Patience may be a virtue, but it can be hard to practice. When we want change to happen, giving it time is often not part of the equation.
Often our desire for things to be different comes with a sense of urgency. But that urgency can lead quickly to frustration.
Then, to get rid of the frustration, we might give up.
What happened to my patience?
When we lose patience, there’s an urge for some kind of action or result that doesn’t happen.
Cognitive scientists believe that the feeling of impatience originates from the hunter-gatherer days when it helped us survive by motivating us to move on from a place or hunt that was no longer feeding us.
But today’s impatience is a different story. While having an urge can motivate us to act, if that action doesn’t give us fast results, we might experience frustration or anger.
Our fast-paced digital culture with instant messaging, next-day deliveries, and on-demand entertainment, feeds into expectations of quick turnarounds and shorter timelines. Our tolerance for delayed results seems to have lessened all around. Some researchers like Richard Restak, author of The New Brain, say that our current fast-paced culture is actually rewiring our brains.
Lack of patience and the brain
The brain is always predicting what’s coming next so it can help us prepare a response. So when predictions and expectations aren’t met, the brain takes notice of the error, and stress often follows.
Either we recalculate our expectations and move on, or – especially when something feels important – there’s a heightened emotional reaction in the limbic brain.
When impatience rises to frustration or other uncomfortable emotion, the brain becomes more active in the limbic area which is associated with reactivity and the fight-or-flight response. At the same time, the prefrontal cortex, which responsible for high-level thinking and self-regulation, becomes de-activated. (For more on the PFC and stress, see this post.)
Interestingly, research also shows that with intense emotions, our bodies send more signals to the brain, which heightens our experience and warps our sense of time. So 1 minute of experiencing serious frustration can feel like 5 minutes. That can be hard to withstand.
So with impatience comes less capacity to control our response. And one easy solution is to walk away or give up on our goals.
Simple ways to build patience
However, we are not powerless to change this. In fact, our brains were built for change – that’s why we have neuroplasticity (the ability to create new neural connections).
First thing we can do to build patience and guard against giving up is to remember WHY this change or goal is important to us.
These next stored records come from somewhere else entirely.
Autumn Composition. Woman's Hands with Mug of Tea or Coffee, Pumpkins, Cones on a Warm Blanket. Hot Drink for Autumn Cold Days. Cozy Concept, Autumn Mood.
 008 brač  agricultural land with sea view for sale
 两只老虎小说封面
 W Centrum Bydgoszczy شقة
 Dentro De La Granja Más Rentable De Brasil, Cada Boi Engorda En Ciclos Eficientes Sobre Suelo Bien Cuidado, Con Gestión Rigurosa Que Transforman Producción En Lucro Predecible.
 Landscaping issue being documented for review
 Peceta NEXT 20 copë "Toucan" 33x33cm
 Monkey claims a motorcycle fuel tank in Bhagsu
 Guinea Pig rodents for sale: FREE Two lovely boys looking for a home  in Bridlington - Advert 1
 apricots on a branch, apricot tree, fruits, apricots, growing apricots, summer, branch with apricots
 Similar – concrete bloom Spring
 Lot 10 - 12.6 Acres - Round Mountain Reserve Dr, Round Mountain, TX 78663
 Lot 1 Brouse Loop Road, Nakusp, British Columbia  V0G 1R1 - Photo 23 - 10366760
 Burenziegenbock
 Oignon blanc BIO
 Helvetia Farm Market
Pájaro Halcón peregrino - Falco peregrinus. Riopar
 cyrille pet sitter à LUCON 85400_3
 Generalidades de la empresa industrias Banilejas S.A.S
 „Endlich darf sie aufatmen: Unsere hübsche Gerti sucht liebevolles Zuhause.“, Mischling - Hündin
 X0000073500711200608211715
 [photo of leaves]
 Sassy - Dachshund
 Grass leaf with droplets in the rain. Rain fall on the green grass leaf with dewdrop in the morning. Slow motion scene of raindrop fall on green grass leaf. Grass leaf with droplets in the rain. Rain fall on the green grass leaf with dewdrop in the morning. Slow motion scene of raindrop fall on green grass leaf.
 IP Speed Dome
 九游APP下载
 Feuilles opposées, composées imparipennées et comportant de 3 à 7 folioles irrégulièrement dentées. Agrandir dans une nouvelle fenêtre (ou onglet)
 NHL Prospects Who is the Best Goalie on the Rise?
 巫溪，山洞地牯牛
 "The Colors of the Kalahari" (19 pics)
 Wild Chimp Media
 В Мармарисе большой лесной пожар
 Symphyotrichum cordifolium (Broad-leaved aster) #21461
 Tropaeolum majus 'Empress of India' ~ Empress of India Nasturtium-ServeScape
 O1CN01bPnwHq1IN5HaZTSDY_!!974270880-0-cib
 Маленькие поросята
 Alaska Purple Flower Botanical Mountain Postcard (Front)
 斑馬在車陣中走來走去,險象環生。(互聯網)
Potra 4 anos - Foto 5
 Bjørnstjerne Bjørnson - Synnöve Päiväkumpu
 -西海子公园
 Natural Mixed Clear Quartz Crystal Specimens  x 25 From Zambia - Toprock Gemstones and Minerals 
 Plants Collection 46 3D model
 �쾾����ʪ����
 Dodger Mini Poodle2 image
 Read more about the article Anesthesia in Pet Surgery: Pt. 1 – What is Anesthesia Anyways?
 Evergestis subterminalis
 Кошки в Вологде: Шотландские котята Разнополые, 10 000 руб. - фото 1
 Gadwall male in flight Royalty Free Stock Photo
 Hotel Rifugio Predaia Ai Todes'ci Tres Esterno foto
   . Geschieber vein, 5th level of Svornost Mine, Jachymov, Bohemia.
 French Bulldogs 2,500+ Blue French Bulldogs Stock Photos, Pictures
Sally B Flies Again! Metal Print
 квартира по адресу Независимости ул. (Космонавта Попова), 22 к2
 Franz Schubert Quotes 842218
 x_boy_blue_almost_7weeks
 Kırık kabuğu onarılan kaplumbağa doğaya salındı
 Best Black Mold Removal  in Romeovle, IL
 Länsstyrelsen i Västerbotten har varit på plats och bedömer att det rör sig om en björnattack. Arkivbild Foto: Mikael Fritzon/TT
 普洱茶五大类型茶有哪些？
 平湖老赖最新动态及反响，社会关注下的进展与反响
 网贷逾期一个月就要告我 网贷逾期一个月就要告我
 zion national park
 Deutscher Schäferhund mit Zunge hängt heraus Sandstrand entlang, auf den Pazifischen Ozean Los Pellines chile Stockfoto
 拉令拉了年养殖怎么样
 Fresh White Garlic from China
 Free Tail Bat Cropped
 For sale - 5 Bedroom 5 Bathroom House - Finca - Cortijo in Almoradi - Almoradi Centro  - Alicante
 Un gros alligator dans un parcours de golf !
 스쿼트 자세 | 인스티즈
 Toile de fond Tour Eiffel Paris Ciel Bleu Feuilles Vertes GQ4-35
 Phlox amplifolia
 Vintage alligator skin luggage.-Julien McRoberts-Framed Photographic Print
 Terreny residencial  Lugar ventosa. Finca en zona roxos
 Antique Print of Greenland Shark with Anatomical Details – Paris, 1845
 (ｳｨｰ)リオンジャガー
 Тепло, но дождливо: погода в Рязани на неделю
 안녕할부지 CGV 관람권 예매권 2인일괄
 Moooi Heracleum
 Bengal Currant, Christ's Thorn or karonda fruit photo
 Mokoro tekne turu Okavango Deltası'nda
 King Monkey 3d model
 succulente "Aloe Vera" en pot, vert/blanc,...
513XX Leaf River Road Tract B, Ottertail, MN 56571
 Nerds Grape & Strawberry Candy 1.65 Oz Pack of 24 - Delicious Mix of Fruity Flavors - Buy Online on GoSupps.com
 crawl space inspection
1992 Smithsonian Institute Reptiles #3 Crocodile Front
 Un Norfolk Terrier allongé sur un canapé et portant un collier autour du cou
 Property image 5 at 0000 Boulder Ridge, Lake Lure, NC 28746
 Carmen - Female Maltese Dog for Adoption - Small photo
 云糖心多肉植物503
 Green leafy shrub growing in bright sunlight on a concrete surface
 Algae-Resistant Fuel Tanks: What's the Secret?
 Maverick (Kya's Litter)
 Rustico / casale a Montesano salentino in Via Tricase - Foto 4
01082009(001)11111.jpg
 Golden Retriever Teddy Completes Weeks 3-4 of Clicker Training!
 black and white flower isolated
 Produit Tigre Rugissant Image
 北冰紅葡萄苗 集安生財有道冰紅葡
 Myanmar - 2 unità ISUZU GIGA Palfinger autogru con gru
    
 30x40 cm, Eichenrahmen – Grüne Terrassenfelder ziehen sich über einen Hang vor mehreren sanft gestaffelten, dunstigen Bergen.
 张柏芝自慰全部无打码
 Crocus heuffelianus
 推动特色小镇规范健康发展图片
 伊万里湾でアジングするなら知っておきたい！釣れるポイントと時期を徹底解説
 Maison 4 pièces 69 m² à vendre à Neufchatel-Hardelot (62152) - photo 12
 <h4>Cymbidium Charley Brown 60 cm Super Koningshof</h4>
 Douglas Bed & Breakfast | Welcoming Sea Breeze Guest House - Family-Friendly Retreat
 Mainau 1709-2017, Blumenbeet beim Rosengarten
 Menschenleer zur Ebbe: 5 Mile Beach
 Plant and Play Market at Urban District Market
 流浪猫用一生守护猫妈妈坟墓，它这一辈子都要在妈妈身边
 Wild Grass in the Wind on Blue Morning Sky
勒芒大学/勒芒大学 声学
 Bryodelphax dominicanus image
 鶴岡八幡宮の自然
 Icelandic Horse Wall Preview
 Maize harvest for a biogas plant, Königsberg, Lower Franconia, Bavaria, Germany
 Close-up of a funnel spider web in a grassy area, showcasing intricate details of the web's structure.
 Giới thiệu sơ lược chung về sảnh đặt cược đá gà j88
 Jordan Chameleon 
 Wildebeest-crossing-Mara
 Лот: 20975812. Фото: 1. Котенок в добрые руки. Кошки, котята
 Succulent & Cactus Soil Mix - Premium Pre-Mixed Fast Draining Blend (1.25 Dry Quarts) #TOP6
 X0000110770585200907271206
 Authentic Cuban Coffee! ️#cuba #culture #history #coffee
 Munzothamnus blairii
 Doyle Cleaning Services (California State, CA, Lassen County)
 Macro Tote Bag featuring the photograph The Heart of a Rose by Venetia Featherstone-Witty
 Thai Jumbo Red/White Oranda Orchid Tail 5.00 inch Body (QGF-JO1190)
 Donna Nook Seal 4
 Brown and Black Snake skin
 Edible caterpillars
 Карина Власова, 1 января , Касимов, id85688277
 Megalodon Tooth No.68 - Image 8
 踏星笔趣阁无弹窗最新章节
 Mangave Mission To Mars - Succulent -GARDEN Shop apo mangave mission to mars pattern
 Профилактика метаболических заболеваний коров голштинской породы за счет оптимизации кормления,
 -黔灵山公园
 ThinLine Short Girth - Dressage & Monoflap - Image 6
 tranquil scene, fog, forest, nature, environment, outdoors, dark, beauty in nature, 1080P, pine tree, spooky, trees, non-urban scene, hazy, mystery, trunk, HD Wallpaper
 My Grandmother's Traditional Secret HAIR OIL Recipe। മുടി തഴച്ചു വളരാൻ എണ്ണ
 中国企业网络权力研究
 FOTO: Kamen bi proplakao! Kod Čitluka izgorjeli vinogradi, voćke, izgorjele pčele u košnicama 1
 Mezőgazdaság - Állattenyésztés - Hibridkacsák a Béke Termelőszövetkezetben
Values are important to the brain, and will help us with motivation and self-regulation.
Second, when we notice we’re losing patience, rather than wishing it away, we can use it as information and try these 3 practices.
- Assess your expectations. What is your expected timeline? Is it realistic? What is within your control, and what is not? When we answer these, we give the brain greater clarity and guidance, which it craves.
- Embrace a larger perspective. Instead of looking through a keyhole, a small point in time, expand your view to consider the situation or change you want through a wider lens. In the grand scheme of your life, how do you see the time this change is taking? For example, if it took 10 years to build a habit, how long might you reasonably expect to take to change that?
- Practice gratitude. Gratitude has been shown in many studies to improve executive functioning, self-control and well-being. If you can’t find something in the situation to be grateful for, find something unrelated. Better yet, practice gratitude every morning to strengthen those neural connections.
As Ralph Waldo Emerson said, “Adopt the pace of nature. Her secret is patience.”